◆ **Work request**
The records below must be repeated exactly, but without their pictures.

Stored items
=== Begin Enclosure ===
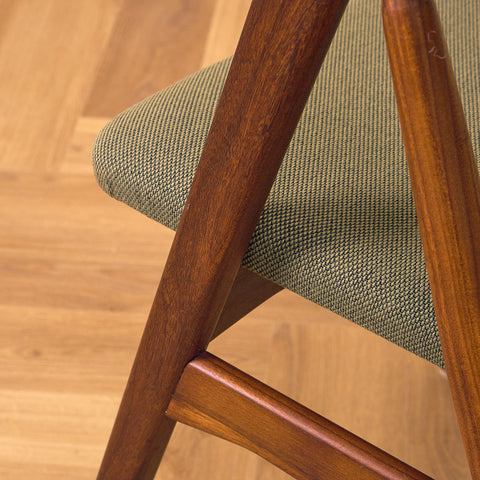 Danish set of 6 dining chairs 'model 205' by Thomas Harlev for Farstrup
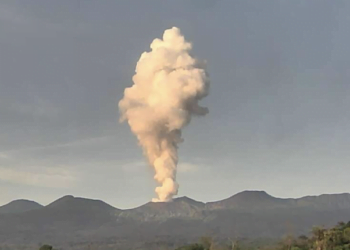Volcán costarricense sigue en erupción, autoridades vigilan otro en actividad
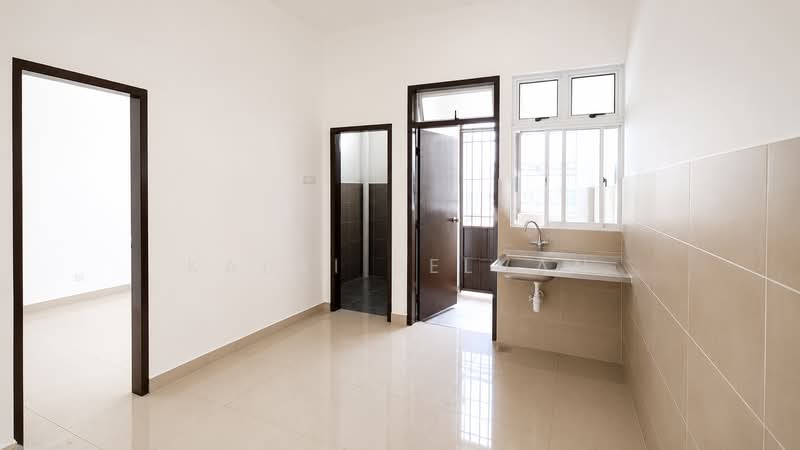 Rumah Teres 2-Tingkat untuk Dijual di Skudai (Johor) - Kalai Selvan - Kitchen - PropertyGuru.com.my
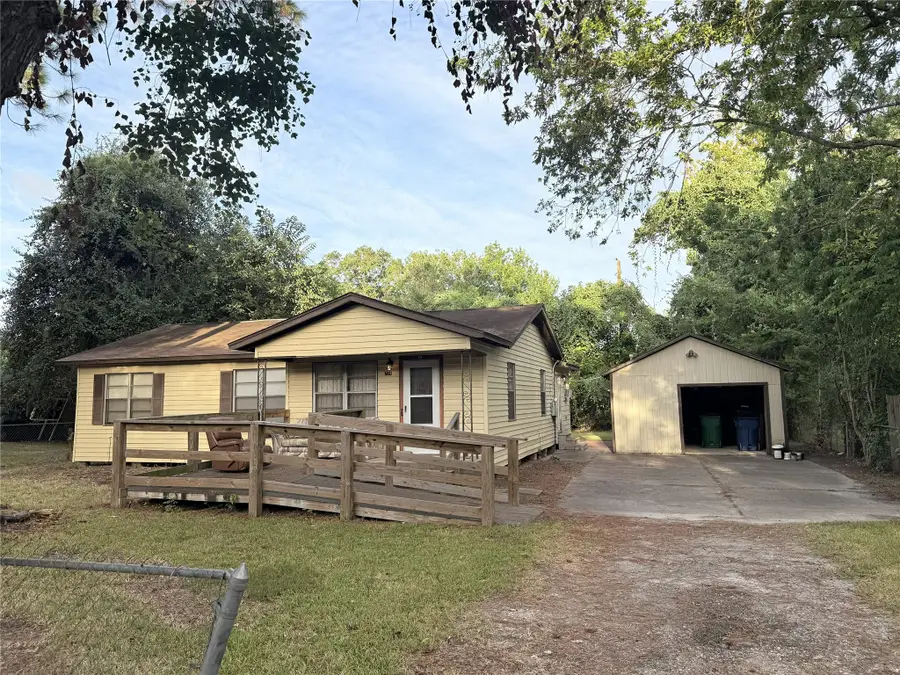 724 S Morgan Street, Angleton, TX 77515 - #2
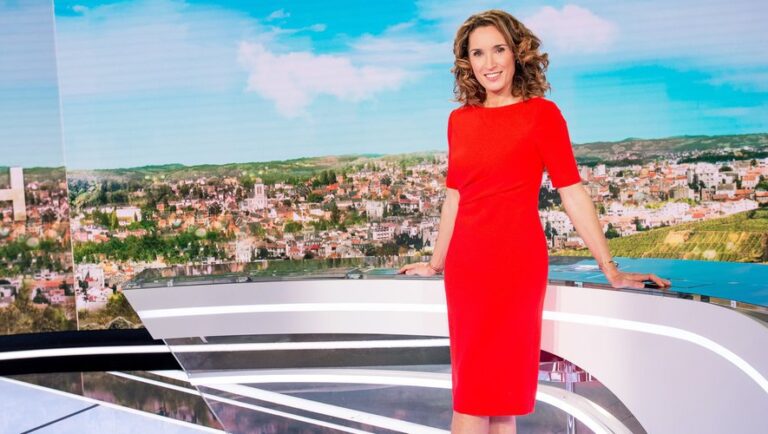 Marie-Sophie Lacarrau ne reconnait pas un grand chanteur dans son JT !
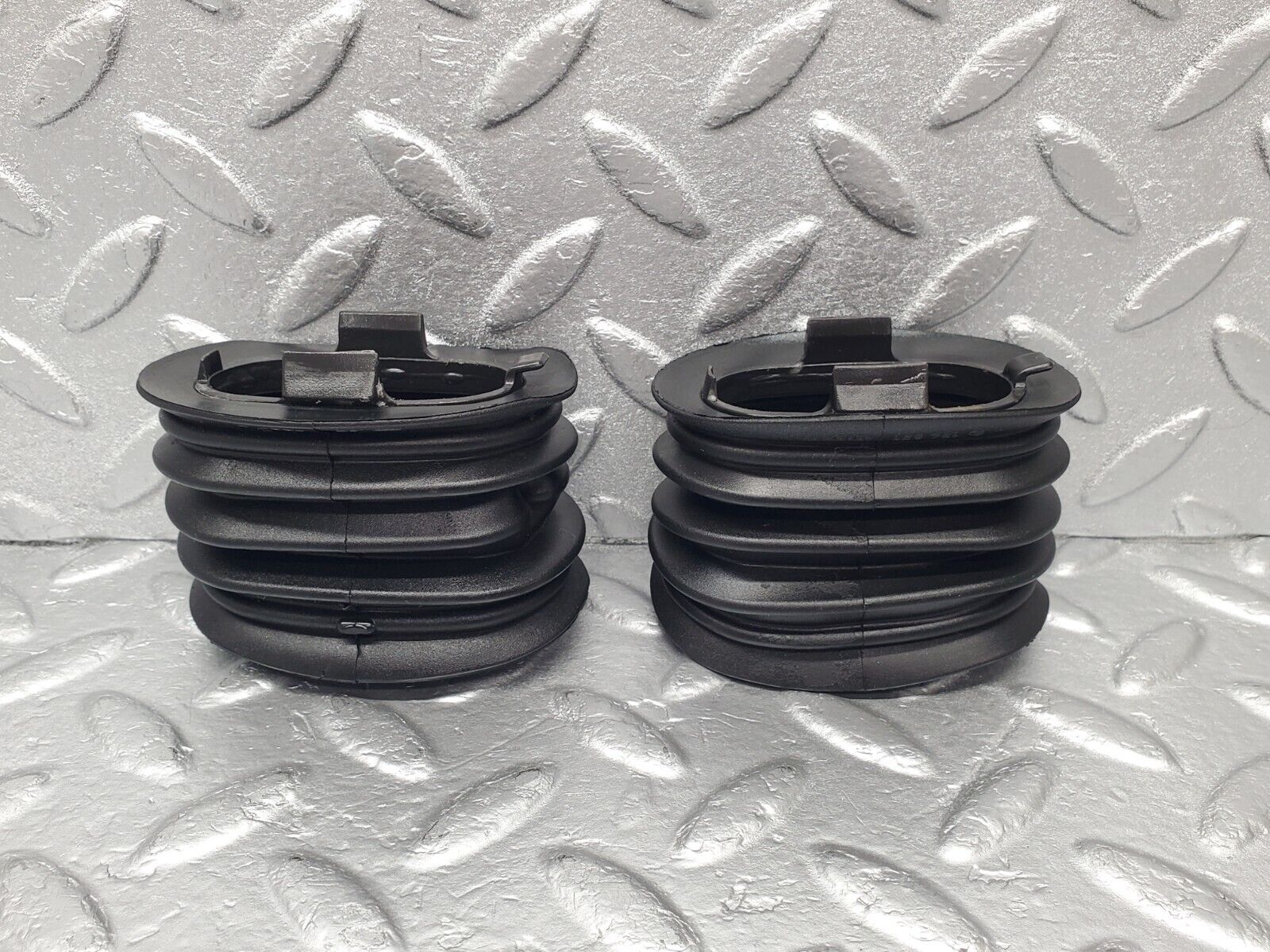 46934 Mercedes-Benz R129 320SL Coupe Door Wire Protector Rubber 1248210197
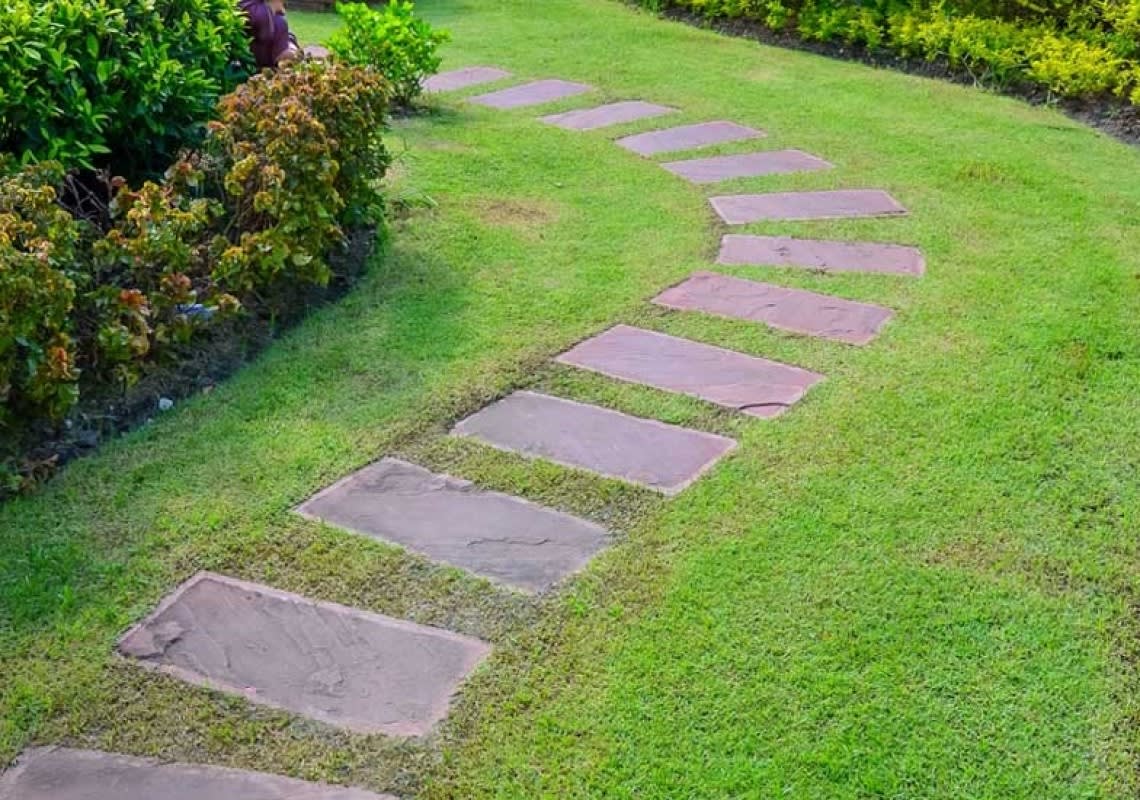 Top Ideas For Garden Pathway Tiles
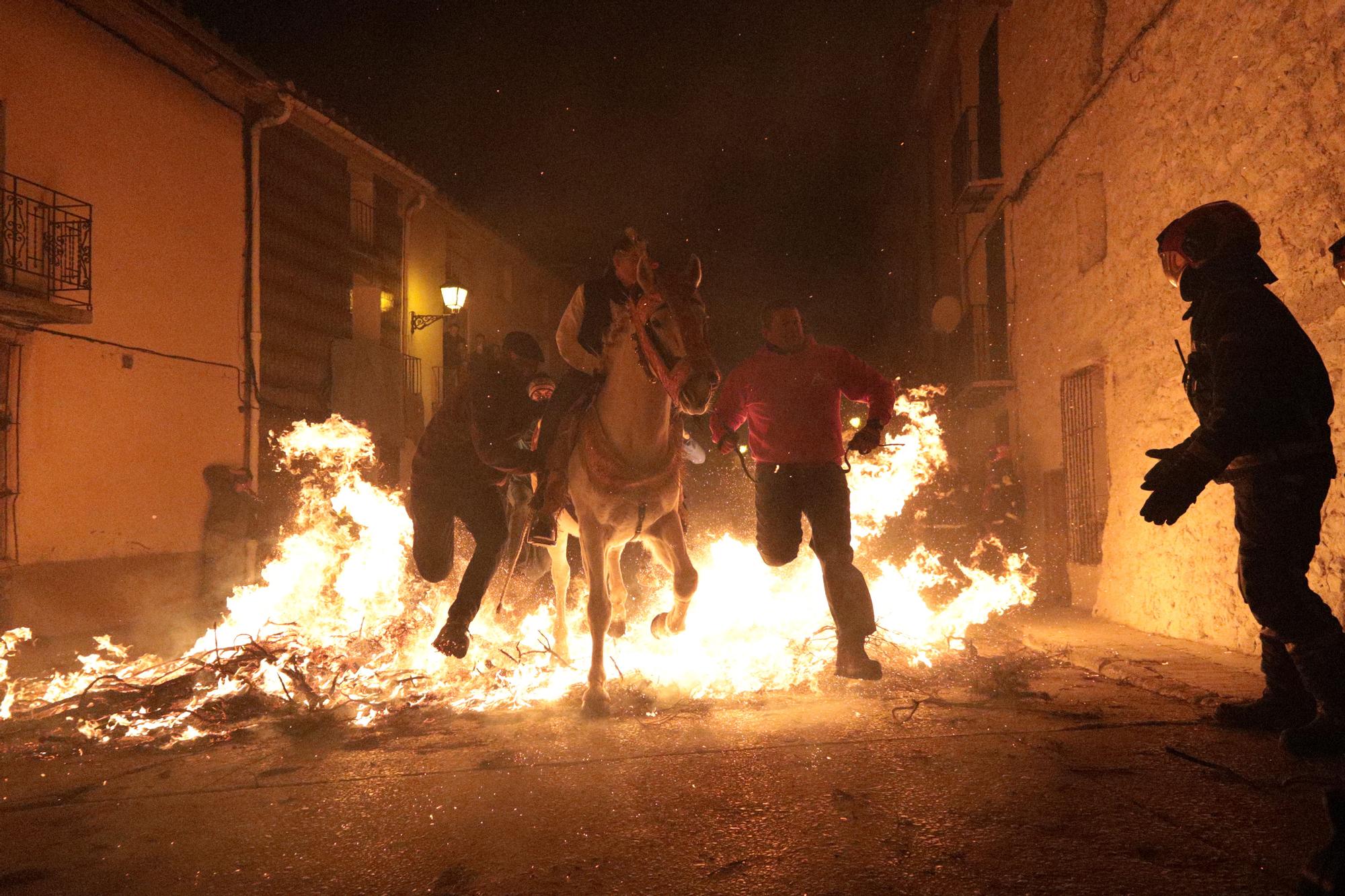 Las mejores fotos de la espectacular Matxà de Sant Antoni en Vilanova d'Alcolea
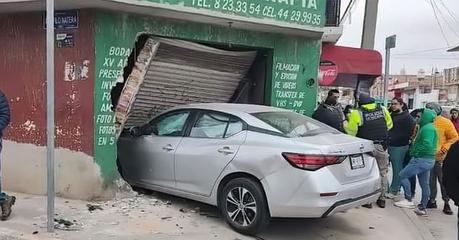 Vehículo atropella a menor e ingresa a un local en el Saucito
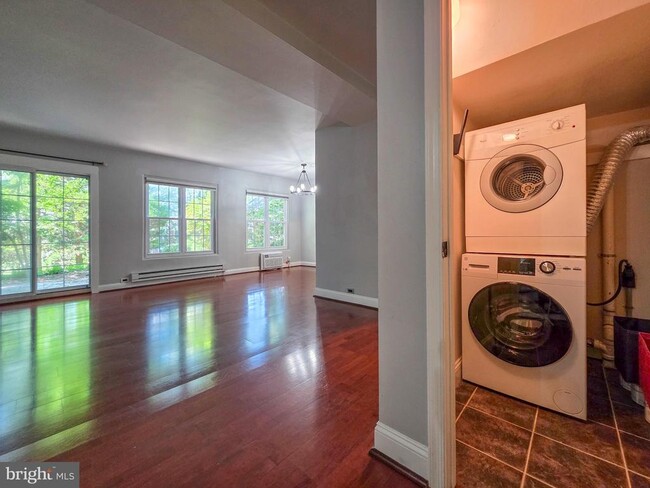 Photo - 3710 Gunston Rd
=== End Enclosure ===
◆ **Response box**
 Danish set of 6 dining chairs 'model 205' by Thomas Harlev for Farstrup
Volcán costarricense sigue en erupción, autoridades vigilan otro en actividad
 Rumah Teres 2-Tingkat untuk Dijual di Skudai (Johor) - Kalai Selvan - Kitchen - PropertyGuru.com.my
 724 S Morgan Street, Angleton, TX 77515 - #2
 Marie-Sophie Lacarrau ne reconnait pas un grand chanteur dans son JT !
 46934 Mercedes-Benz R129 320SL Coupe Door Wire Protector Rubber 1248210197
 Top Ideas For Garden Pathway Tiles
 Las mejores fotos de la espectacular Matxà de Sant Antoni en Vilanova d'Alcolea
 Vehículo atropella a menor e ingresa a un local en el Saucito
 Photo - 3710 Gunston Rd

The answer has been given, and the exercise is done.